Counterpoint’s long-term programme of research and advocacy on European populisms investigates this continuing trend.
The project ‘Recapturing Europe’s Reluctant Radicals’, supported by the Open Society Foundations, asks what kind of risks generate support for populist parties? What risks do these parties pose in political, policy and economic terms? And what hope is there to tackle them?
Counterpoint works on populism not only because it is an important political trend, but also because it is a powerful lens for exploring the health and solidity of a country’s democratic institutions. Populism reveals much about how responsive and open a country’s political institutions are, how confident the citizenry is in its political system, and how accessible the society is to outsiders.
The research on this topic has tended to privilege the more radical aspects of these movements—both in terms of ideology as well as tactics and supporters. While preoccupation with radicalisation of this sort is understandable, it has tended to lead away from studying and countering XPPs effectively.
This project focuses on the reluctant, ‘soft’ support for xenophobic populism – those voters who turn to XPPs but are not committed supporters. These are the ‘reluctant radicals’. The project aims to understand what motivates these voters – and what mainstream parties need to do to win back their support.
We focus on the Reluctant Radicals because they are the people whose votes are fuelling the growth of XPPs in Western Europe to levels that make them problematic in policy and institutional terms, and because they are the voters whom mainstream parties can most easily bring back.
‘Recapturing Europe’s Reluctant Radicals’ is a three stage project.
The first stage was completed in September 2012. It used quantitative analysis to investigate the socio-demographic characteristics and attitudes of the reluctant radicals across a series of European countries. This stage culminated in a report for mainstream politicians and policymakers on the motivations of the reluctant radicals and what they can do to address xenophobic populism. Our focus for the first stage was xenophobic populism on the right, but the project as whole looks at populism on both left and right.
The second stage of the project aims to explore and understand the country-specific contexts from which the reluctant radicals have emerged. Counterpoint has commissioned in-depth studies for ten countries, written by high-level experts, including academics, journalists and distinguished public figures. The studies aim to draw a picture of the local cultures, societies, feelings and perceptions, to complement our profiles of the reluctant radicals.

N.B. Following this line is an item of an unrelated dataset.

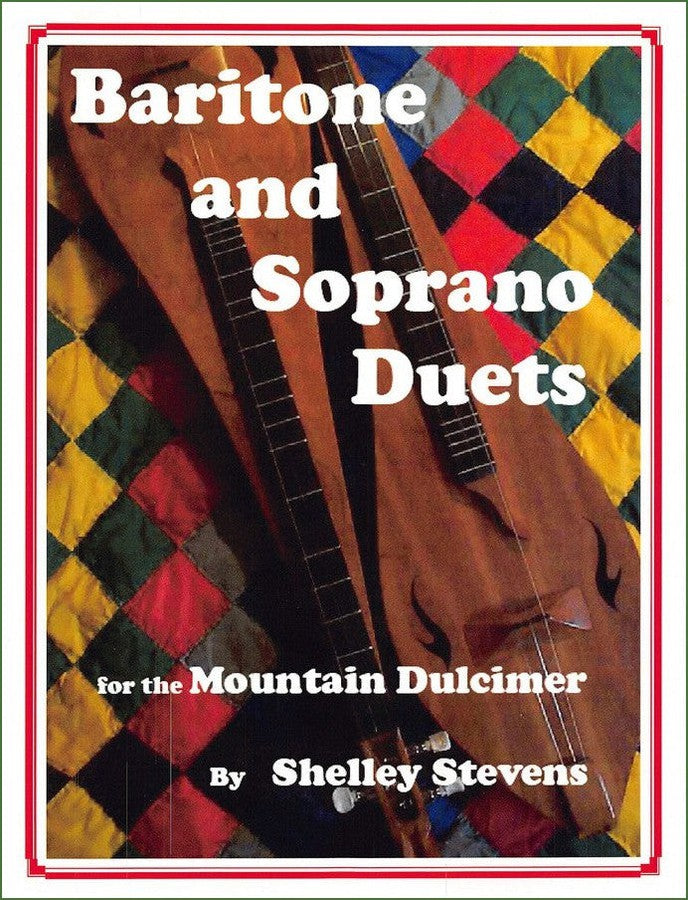 Cover of Shelley Stevens - Baritone And Soprano Duets For Mountain Dulcimer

As part of the second stage of the project, we are currently launching the pamphlets across Europe. We have also partnered with the online magazine Open Democracy to release English excerpts of the pamphlets in advance of the full publications.
For the third stage of the project, building on the previous two stages, Counterpoint will partner with organisations and institutions in Finland, France and the Netherlands to explore (through face-to-face interactions) the political realities and attitudes of domiciled citizens. This will enable us to better understand the social wholes into which the reluctant radicals fit. Drawing on this detailed picture, Counterpoint and our partners will prepare informed policy recommendations for reintegrating the reluctant radicals into mainstream politics.